Discouraging as the fact that that question can even be asked might be, even worse is the answer. “Probably not”.

Check the poll results at that link. 40% of Americans in the 21st century believe that the devil sometimes possesses people. We hoped for flying cars, and all we got was voodoo and speaking in tongues. I feel a little bit cheated.

At least we can hope that maybe newspapers and television will begin to eye these claims a bit more skeptically. But don’t count on it.

Say what?

Speaking of incessant, grating whines…here’s another Minnesota pest, Michele Bachmann. She spoke at the Conservative Political Action Conference (by invitation…how deranged have the Republicans become, anyway?) and offered this jewel of logic:

I just wondered that if our founders thought taxation without representation was bad, what would they think of representation WITH taxation?

Don’t even try to comprehend the strange thoughts that flit through that tiny brain.

Jindal continues a tradition

Is there some new requirement in the Republican party that potential candidates for the presidency must be against basic science? Bobby Jindal gave a rebuttal to one of Obama’s recent speeches, and what does he do? Criticizes the investment of “$140 million for something called ‘volcano monitoring.’ Instead of monitoring volcanoes, what Congress should be monitoring is the eruption of spending in Washington, D.C.” Heck, this isn’t even any of that abstract, difficult-to-understand stuff — it’s work that directly helps people.

“I was kind of taken aback by the way volcanic monitoring was portrayed in the speech,” Brad Singer, a professor of geology at the University of Wisconsin, said. “Every once in awhile there’s some odd science research going on that sounds so out there that it’s not useful and even I can laugh at some of those. But volcano monitoring is a serious business. I would say there are hundreds of thousands of people in the U.S. who live in the sphere of hazard associated with many individual volcanoes.”
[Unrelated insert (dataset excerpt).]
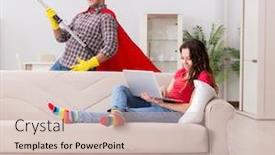  Presentation with husband and wife - Beautiful PPT theme featuring superhero-husband-helping-his-wife backdrop and a soft green colored foreground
It’s work to help predict and prevent disasters. You would think the governor of Louisiana would understand why this is important, even if his state doesn’t have volcanoes, but one thing we’ve learned over the last few years is that Republican presidential candidates don’t have much of a connection with reality or empathy.

Don’t remind me

Do I really need to see these old reminders that some of our politicians are idiots? Here’s a quote from Governor Mark Sanford of South* Carolina:

Well I think that it’s just, and science is more and more documenting this, is that there are real “chinks” in the armor of evolution being the only way we came about. The idea of there being a, you know, a little mud hole and two mosquitoes get together and the next thing you know you have a human being… is completely at odds with, you know, one of the laws of thermodynamics which is the law of, of … in essence, destruction.

I know, it’s the South, the domain of knuckle-dragging bibliolators. So guess who said this a little more recently, in reference to Sarah Palin’s pro-creationist comments?
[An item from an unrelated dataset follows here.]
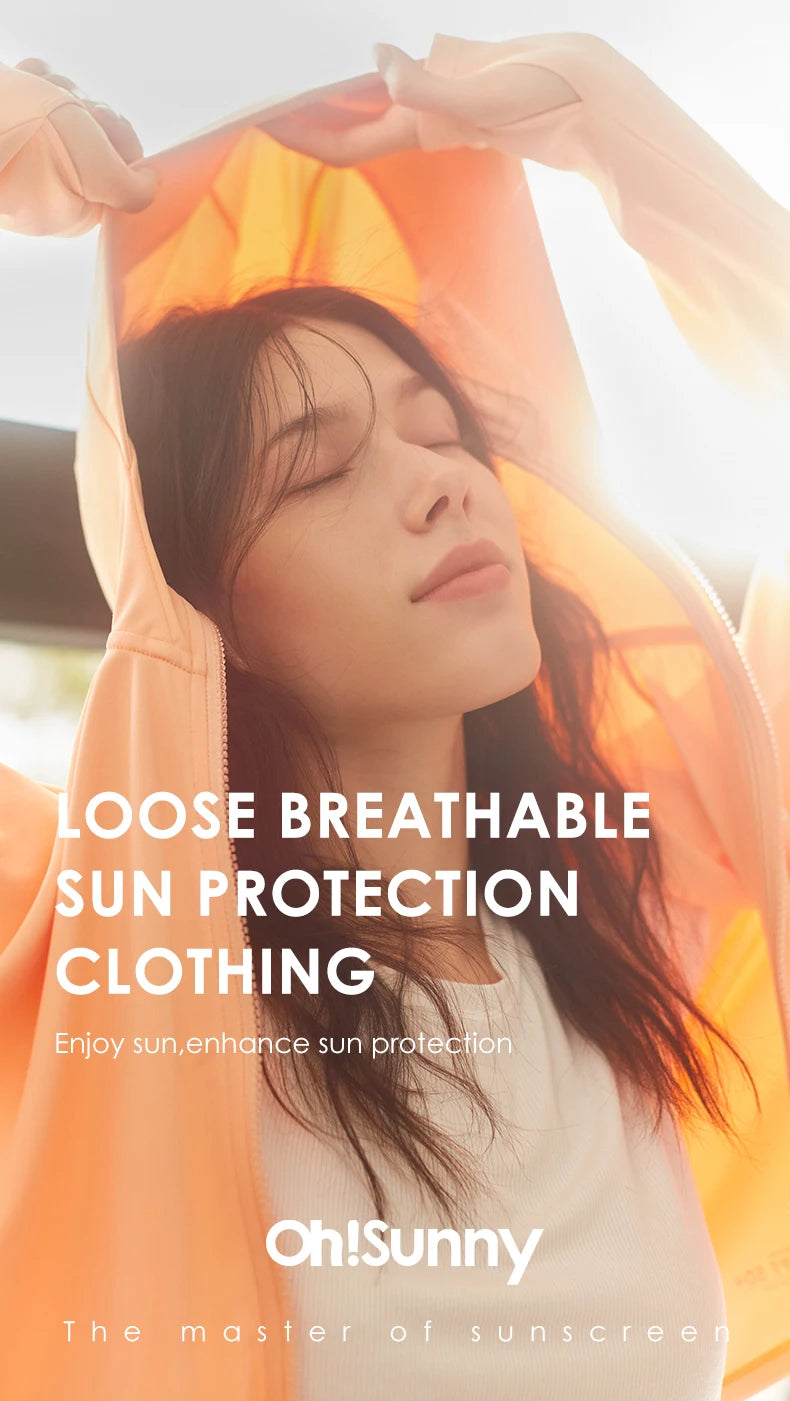 OhSunny Anti-UV UPF 50+ Sun Protection Coats Hooded Professional Sunscreen Loose Batwing Sleeve Outdoor Cycling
I saw her comments on it yesterday, and I thought they were appropriate, which is, you know, let’s — if there are competing theories, and they are credible, her view of it was, according to the comments in the newspaper, allow them all to be presented or allow them both to be presented so students could be exposed to both or more and have a chance to be exposed to the various theories and make up their own minds…

In the scientific community, it seems like intelligent design is dismissed — not entirely, there are a lot of scientists who would make the case that it is appropriate to be taught and appropriate to be demonstrated, but in terms of the curriculum in the schools in Minnesota, we’ve taken the approach that that’s a local decision.

Yes, that’s our very own Governor Tim Pawlenty, of the eminently Yankee state of Minnesota. Shrivels the cockles of my heart, he does.


The latest nonsense from Sanford: he is refusing to use the money in Obama’s stimulus package to help the economically afflicted people of his state; instead, he offers prayers. That is the very definition of the uselessness of right-wing Republicans.


* Location clarified at the urgent request of many embarrassed North Carolinians.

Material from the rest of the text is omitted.